6.Bölüm

6.7K 65 15
                                    

Hisset....
Ben yanındayım.
Hisset....
Bir adım uzağındayım.
Hisset....
Bir nefes uzağındayım.
Hissediyor musun?
İşte ben O'yum
Adı aşk olan
Senin için hiç kimse olan
( Adı Aşk Olandan Sevdiğine ....)

GEÇMİŞ ( ORALARDA BİR YERDE... )
Onu ilk nerde gördün? Onu ilk ne zaman tanıdın? Bu soruların cevabı ben de fazlaydı. Her biri tek soruydu ama cevapları birden fazlaydı.

O beni tanıdı mı? Ya da tanımak istedi mi? Beni farketti mi? Onun için diğer insanlardan farkım neydi? Bir farkım var mıydı? İşte bu soruların cevabı ben de yoktu.

Kendime her gün , her dakika , her saniye sorduğum ama cevabını alamadığım sorulardı.

Ben kendimi araf denilen bir bilinmezlikte süresi olmayan bir ceza vermiş kilidi olmayan bir hapishaneye kapatmıştım.

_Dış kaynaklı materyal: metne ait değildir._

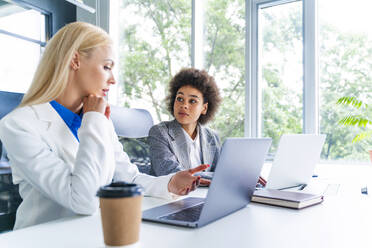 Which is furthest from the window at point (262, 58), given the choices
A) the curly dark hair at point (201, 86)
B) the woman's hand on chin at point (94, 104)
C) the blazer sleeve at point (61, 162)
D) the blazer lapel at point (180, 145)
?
the blazer sleeve at point (61, 162)

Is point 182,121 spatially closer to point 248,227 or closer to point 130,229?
point 248,227

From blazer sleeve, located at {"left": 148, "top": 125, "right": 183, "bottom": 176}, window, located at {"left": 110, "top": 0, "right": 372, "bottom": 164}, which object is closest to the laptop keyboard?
blazer sleeve, located at {"left": 148, "top": 125, "right": 183, "bottom": 176}

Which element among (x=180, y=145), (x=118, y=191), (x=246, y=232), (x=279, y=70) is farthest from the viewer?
(x=279, y=70)

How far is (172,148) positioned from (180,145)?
6 centimetres

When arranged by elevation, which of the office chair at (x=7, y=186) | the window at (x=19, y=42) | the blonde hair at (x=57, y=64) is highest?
the window at (x=19, y=42)

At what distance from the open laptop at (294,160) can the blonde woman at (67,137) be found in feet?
1.13

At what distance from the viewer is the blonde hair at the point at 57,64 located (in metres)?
1.02

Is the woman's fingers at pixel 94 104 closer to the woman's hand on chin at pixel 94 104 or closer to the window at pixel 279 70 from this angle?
the woman's hand on chin at pixel 94 104

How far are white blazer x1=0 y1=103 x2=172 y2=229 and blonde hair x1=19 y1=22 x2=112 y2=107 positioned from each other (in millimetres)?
48

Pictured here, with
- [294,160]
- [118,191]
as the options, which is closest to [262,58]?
A: [294,160]

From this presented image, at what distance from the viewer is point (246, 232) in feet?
2.30

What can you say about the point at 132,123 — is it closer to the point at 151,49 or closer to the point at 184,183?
the point at 184,183

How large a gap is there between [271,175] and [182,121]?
757 millimetres

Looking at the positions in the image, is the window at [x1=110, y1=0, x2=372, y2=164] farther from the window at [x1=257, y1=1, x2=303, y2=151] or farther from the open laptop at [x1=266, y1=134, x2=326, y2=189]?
the open laptop at [x1=266, y1=134, x2=326, y2=189] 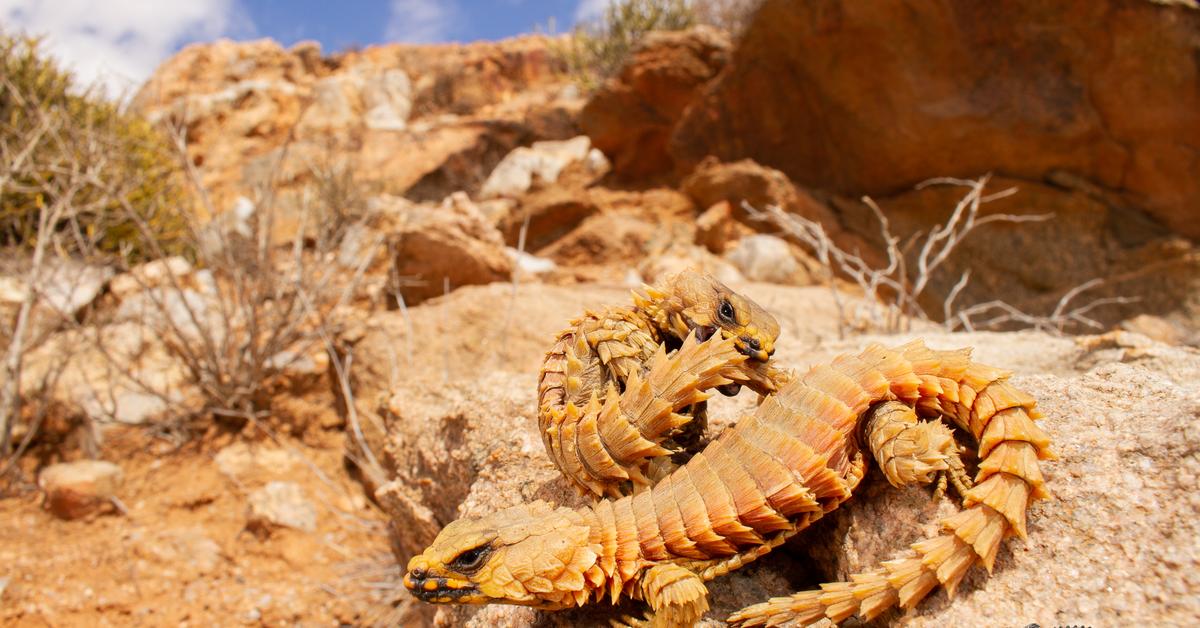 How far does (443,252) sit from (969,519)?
17.4 ft

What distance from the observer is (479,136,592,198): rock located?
10.4 m

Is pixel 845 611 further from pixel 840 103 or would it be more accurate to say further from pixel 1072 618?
pixel 840 103

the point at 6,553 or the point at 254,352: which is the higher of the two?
the point at 254,352

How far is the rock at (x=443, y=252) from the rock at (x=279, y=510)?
1996 millimetres

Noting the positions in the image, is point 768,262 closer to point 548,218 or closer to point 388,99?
point 548,218

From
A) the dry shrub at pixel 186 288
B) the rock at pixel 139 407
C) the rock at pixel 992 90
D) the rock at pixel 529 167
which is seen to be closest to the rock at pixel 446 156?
the rock at pixel 529 167

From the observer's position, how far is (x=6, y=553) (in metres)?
4.00

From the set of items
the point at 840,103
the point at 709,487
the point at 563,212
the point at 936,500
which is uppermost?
the point at 840,103

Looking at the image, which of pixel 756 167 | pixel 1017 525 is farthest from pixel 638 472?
pixel 756 167

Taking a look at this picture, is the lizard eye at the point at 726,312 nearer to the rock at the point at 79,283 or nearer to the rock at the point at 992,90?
the rock at the point at 79,283

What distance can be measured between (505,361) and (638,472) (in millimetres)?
2974

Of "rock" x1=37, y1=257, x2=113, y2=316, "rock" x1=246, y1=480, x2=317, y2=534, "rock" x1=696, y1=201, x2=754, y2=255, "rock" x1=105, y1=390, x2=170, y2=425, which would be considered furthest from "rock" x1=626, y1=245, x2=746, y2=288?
"rock" x1=37, y1=257, x2=113, y2=316

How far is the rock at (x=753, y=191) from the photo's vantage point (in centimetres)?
809

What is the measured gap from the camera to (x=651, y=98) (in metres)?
9.61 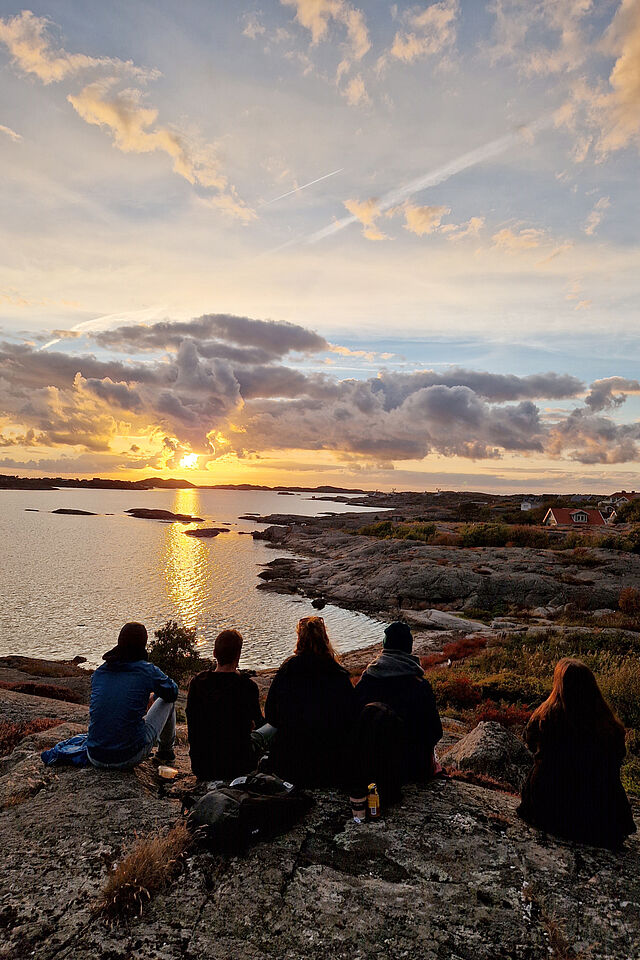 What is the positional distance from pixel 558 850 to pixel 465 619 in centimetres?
3211

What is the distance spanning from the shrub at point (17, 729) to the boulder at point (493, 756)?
779 cm

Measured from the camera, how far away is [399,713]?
247 inches

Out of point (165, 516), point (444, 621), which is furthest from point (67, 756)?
point (165, 516)

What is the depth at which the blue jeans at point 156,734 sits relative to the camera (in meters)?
7.04

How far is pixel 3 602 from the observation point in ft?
145

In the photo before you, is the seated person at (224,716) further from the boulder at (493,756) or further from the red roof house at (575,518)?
the red roof house at (575,518)

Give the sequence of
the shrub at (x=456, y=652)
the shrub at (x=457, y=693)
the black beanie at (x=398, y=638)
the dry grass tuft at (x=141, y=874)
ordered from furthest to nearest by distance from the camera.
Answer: the shrub at (x=456, y=652) → the shrub at (x=457, y=693) → the black beanie at (x=398, y=638) → the dry grass tuft at (x=141, y=874)

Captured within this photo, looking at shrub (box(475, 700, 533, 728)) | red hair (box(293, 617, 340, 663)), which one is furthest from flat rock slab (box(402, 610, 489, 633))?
red hair (box(293, 617, 340, 663))

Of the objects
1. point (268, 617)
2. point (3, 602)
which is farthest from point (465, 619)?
point (3, 602)

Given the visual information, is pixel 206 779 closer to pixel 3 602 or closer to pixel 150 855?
pixel 150 855

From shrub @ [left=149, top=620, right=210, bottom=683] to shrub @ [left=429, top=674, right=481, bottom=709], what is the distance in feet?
42.3


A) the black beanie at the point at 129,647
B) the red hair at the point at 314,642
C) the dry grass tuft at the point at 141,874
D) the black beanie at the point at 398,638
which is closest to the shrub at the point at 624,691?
the black beanie at the point at 398,638

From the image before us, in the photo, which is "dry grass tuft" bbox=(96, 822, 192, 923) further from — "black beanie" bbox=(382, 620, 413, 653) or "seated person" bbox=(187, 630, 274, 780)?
"black beanie" bbox=(382, 620, 413, 653)

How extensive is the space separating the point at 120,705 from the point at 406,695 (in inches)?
148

İlk ne zaman tanıştınız deseniz onun bir cevabı yoktu ama benim yüzlerce hatta binlerce , onbinlerce cevabım vardı. Çünkü ben onun için her zaman bir hayalettim. Ötesi değil.

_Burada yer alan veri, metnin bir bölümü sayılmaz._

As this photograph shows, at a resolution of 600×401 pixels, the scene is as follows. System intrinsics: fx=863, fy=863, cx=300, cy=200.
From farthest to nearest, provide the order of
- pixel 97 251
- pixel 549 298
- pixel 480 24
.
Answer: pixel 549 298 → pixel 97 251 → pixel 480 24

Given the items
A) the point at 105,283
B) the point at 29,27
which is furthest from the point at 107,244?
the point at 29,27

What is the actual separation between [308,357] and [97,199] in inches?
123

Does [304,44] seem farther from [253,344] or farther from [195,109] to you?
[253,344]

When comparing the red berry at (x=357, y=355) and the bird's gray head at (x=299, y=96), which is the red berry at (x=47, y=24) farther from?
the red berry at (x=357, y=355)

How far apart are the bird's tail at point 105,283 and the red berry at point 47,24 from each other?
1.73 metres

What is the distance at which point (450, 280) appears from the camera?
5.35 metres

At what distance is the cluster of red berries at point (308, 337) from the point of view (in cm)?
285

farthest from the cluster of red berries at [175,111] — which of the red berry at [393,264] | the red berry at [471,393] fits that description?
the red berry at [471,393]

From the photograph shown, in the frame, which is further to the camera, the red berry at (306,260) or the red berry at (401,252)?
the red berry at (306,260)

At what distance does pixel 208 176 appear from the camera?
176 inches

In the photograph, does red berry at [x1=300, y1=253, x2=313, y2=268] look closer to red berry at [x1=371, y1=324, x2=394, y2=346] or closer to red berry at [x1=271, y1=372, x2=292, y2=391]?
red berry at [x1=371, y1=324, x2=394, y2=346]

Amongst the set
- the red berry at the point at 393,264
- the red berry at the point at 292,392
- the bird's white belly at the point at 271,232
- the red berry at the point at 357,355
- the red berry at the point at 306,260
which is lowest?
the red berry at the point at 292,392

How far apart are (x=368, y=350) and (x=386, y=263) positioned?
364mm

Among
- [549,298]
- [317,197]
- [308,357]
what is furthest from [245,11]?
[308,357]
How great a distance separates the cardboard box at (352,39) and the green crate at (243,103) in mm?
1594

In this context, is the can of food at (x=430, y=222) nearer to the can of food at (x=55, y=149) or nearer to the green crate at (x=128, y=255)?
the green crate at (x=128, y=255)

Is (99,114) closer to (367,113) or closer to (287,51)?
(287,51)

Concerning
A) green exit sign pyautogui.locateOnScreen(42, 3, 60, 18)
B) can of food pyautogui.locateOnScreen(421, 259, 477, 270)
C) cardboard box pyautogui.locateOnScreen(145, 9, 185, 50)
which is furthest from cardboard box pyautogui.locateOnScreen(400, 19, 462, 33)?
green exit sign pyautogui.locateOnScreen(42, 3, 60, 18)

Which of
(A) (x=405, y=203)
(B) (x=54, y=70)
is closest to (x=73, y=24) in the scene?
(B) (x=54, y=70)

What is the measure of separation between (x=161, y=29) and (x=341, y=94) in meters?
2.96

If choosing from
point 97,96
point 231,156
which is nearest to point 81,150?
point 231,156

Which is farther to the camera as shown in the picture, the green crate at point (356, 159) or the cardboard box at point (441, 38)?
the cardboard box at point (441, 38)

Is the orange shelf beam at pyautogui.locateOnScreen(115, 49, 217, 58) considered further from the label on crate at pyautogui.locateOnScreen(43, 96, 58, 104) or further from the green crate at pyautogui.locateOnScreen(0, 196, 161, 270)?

Hayatım boyunca hep ilklerden nefret eden bir adam olmuştum. Okulun ilk günü , tatilin ilk günü , ilk aşk ve daha nicesi.... Bu günde hayatımın bir ilkini yaşıyordum. O yüzden bu kadar stresli bu kadar öfkeli ve sinirliydim. Çoğu kişinin üzerinde bile durmuycağı bu şey benim için felaket gibi birşeydi.

Oturduğum sandalyede yeterince rahat değilmişim gibi sürekli pozisyonumu değiştirip duruyordum. Ya da geriye yaslanıp yanımdan gelip geçen insanlara bakıyordum.

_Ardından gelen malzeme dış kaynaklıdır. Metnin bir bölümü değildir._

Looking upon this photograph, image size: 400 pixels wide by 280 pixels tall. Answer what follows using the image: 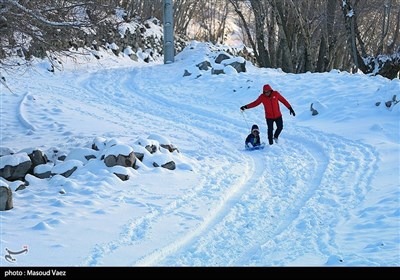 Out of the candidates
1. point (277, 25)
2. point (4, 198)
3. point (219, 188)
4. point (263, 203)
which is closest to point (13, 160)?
point (4, 198)

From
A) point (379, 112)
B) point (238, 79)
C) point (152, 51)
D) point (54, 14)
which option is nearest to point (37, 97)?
point (238, 79)

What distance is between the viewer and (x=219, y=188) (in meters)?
8.41

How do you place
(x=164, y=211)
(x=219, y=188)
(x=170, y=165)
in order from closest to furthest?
(x=164, y=211) < (x=219, y=188) < (x=170, y=165)

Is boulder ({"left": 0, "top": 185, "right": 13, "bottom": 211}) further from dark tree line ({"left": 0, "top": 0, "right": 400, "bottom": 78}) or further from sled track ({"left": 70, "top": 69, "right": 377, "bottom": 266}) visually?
dark tree line ({"left": 0, "top": 0, "right": 400, "bottom": 78})

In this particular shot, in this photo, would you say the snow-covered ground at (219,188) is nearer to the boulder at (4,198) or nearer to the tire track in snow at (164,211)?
the tire track in snow at (164,211)

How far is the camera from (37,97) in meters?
17.5

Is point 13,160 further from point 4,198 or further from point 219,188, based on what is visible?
point 219,188

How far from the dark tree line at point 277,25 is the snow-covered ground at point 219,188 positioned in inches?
91.1

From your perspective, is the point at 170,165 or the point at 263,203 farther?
the point at 170,165

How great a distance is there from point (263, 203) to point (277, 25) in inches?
872

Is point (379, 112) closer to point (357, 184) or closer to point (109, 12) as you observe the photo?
point (357, 184)

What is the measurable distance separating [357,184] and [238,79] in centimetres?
1172

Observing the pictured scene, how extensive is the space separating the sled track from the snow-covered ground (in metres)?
0.02

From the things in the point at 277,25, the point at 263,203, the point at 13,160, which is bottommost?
the point at 13,160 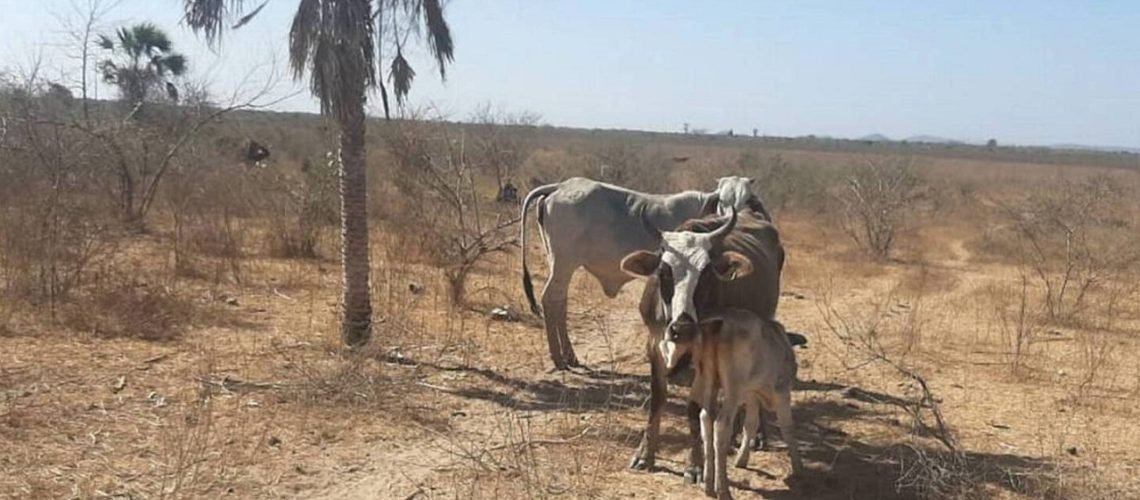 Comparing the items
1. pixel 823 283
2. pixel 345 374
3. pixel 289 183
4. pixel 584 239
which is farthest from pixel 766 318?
pixel 289 183

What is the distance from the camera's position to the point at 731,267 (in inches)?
217

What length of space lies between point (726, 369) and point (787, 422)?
0.66m

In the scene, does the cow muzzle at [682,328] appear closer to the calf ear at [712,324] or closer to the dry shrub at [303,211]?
the calf ear at [712,324]

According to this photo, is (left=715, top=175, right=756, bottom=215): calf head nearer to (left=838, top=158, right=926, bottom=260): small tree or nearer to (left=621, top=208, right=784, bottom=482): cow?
(left=621, top=208, right=784, bottom=482): cow

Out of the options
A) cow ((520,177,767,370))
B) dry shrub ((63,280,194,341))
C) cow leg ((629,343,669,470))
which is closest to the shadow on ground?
cow leg ((629,343,669,470))

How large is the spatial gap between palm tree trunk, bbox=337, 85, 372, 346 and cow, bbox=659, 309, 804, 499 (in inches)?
154

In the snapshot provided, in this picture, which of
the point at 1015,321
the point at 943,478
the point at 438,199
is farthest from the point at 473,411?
the point at 438,199

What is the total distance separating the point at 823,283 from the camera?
15133mm

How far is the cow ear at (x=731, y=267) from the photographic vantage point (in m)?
5.46

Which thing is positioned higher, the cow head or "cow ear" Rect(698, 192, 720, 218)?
"cow ear" Rect(698, 192, 720, 218)

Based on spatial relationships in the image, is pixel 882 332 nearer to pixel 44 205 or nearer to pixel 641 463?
pixel 641 463

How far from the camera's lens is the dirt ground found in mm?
5785

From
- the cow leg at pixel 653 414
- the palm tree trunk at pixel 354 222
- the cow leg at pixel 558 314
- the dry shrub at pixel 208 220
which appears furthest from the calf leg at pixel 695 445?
the dry shrub at pixel 208 220

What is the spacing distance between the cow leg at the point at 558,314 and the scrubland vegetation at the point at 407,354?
211 millimetres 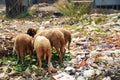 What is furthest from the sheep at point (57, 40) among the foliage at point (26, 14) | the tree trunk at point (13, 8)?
the tree trunk at point (13, 8)

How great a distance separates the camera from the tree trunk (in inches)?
869

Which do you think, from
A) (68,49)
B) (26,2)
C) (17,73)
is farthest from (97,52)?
(26,2)

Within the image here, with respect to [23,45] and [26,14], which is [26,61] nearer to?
[23,45]

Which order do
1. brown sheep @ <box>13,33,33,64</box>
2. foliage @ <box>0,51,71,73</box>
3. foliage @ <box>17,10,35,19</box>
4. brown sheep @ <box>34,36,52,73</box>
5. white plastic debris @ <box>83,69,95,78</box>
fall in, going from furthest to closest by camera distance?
foliage @ <box>17,10,35,19</box> < brown sheep @ <box>13,33,33,64</box> < foliage @ <box>0,51,71,73</box> < white plastic debris @ <box>83,69,95,78</box> < brown sheep @ <box>34,36,52,73</box>

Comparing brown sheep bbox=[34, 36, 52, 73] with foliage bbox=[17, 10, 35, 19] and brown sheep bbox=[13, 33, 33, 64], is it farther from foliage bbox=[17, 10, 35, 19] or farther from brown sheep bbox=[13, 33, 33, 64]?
foliage bbox=[17, 10, 35, 19]

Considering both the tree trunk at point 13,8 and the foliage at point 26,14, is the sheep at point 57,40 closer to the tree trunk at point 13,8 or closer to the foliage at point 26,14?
the foliage at point 26,14

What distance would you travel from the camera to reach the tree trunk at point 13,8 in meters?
22.1

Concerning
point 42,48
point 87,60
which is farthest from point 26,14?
point 42,48

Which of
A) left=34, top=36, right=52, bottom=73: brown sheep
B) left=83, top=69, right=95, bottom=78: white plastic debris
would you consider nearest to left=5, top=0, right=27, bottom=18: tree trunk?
left=34, top=36, right=52, bottom=73: brown sheep

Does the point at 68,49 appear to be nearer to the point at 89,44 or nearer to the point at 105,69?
the point at 89,44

Sıra bana ne zaman gelirdi? Ya da sıra bana geldiğinde üzerimdeki bu gereksiz heyecanı atmış olur muydum? Bütün bu sorular benim için bilinmezliğini koruyan çıldırtıcı sorulardı.

Zaman geçmek bilmiyordu. Çok fazla insanın başvurmuycağını umduğum pozisyona umduğumdan fazla insan başvurmuştu. Bu da benim işi alabileceğim konusundaki umutlarımın rüzgara kapılıp savrulmasına sebep olmuştu.

Tam yerimden kalkıp içinde olduğum şirket binasını terketmeye karar vermişken adımın söylenmesiyle olduğum yerde kalakaldım. Biri adımı söylüyordu. Biri adımı söylüyerek beni çağırıyordu.

Başımı kaldırıp adımı kimin söylediğine baktım. Otuzlu yaşlarının sonundaki bir kadın elinde tuttuğu tabletinin ekranından başını kaldırmadan adımı söylüyerek beni yanına çağırıyordu.

"Selim Eren."

"Selim Eren. Burda mı?"

"Anlaşılan......"

Ayağa kalktım. Kucağımda tuttuğum çantamı elime alıp o kadının karşısında durdum.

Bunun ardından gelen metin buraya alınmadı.